The world is full of inaccessible physical interfaces. Microwaves, toasters and coffee machines help us prepare food; printers, fax machines, and copiers help us work; and checkout terminals, public kiosks, and remote controls help us live our lives. Despite their importance, few are self-voicing or have tactile labels. As a result, blind people cannot easily use them. Generally, blind people rely on sighted assistance either to use the interface or to label it with tactile markings. Tactile markings often cannot be added to interfaces on public devices, such as those in an office kitchenette or checkout kiosk at the grocery store, and static labels cannot make dynamic interfaces accessible. Sighted assistance may not always be available, and relying on co-located sighted assistance reduces independence.
Making physical interfaces accessible has been a long-standing challenge in accessibility. Solutions have generally either involved (i) producing self-voicing devices, (ii) modifying the interfaces (e.g., adding tactile markers), or (iii) developing interface- or task-specific computer vision solutions. Creating new devices that are accessible can work, but is unlikely to make it into all devices produced due to cost. The Internet of Things may help solve this problem eventually; as more and more devices are connected and can be controlled remotely, the problem becomes one of digital accessibility, which is easier to solve despite challenges. For example, users may bring their own smartphone with an interface that is accessible to them, and use it to connect to the device. Computer vision approaches have been explored, but are usually brittle and specific to interfaces and tasks. Given these significant challenges, we expect these solutions will neither make the bulk of new physical interfaces accessible going forward nor address the significant legacy problem in even the medium term.
This paper introduces VizLens, a robust interactive screen reader for real-world interfaces. Just as digital screen readers were first implemented by interpreting the visual information the computer asks to display, VizLens works by interpreting the visual information of existing physical interfaces. To work robustly, it combines on-demand crowdsourcing and real-time computer vision. When a blind person encounters an inaccessible interface for the first time, he uses a smartphone to capture a picture of the device and then send it to the crowd. This picture then becomes a reference image. Within a few minutes, crowd workers mark the layout of the interface, annotate its elements (e.g., buttons or other controls), and describes each element.
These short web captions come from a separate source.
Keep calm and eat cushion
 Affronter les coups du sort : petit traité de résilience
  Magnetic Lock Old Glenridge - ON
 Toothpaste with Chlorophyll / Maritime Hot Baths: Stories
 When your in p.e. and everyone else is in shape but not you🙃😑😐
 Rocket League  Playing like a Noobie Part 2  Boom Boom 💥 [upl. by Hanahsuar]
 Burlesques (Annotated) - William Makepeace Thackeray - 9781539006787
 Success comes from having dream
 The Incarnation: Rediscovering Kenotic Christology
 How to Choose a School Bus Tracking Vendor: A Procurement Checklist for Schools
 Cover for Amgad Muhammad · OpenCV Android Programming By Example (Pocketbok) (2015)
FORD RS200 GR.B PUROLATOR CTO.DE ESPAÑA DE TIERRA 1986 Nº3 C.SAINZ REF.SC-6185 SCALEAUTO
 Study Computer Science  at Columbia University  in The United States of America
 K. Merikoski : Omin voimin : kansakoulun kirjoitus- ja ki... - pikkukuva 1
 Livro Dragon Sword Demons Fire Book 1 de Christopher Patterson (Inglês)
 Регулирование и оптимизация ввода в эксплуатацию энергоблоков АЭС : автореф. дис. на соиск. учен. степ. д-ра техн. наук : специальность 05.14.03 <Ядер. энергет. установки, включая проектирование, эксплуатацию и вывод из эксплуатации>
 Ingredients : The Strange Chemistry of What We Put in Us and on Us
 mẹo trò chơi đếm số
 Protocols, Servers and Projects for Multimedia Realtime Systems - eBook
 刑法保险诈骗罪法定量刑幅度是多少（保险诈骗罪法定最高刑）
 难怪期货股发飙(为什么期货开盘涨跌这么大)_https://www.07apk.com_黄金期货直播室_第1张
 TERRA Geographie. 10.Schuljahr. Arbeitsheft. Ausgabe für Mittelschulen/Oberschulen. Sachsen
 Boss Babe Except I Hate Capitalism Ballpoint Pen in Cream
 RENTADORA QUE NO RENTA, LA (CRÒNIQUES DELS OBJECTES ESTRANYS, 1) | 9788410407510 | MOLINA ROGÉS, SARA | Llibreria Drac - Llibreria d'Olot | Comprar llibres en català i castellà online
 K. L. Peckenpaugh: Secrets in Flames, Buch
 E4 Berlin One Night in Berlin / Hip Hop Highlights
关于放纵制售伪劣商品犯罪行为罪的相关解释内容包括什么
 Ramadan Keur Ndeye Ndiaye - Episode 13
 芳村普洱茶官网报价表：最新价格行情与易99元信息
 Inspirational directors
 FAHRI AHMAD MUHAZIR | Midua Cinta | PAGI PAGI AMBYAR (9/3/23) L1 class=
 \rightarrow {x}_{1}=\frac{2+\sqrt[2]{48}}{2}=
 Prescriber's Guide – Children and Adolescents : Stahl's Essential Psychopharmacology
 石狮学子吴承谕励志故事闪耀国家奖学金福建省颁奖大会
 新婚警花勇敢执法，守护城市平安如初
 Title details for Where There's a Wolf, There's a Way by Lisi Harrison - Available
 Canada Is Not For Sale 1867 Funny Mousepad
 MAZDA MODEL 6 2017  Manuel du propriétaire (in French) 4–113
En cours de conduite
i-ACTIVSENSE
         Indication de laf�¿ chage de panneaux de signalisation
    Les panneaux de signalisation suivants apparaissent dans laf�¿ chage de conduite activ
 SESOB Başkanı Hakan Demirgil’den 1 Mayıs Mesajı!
Later, when the person wants to use the interface, he opens the VizLens application, points it toward the interface, and hovers a finger over it. Computer vision matches the crowd-labeled reference image to the image captured in real-time. Once it does, it can detect what element the user is pointing at and provide audio feedback or guidance. With such instantaneous feedback, VizLens allows blind users to interactively explore and use inaccessible interfaces.
In a user study, 10 participants effectively accessed otherwise inaccessible interfaces on several appliances. Based on their feedback, we added functionality to adapt to interfaces that change state (common with touchscreen interfaces), read dynamic information with crowd-assisted Optical Character Recognition (OCR), and experimented with wearable cameras as an alternative to the mobile phone camera. The common theme within VizLens is to trade off between the advantages of humans and computer vision to create a system that is nearly as robust as a person in interpreting the user interface and nearly as quick and low-cost as a computer vision system. The end result allows a long-standing accessibility problem to be solved in a way that is feasible to deploy today.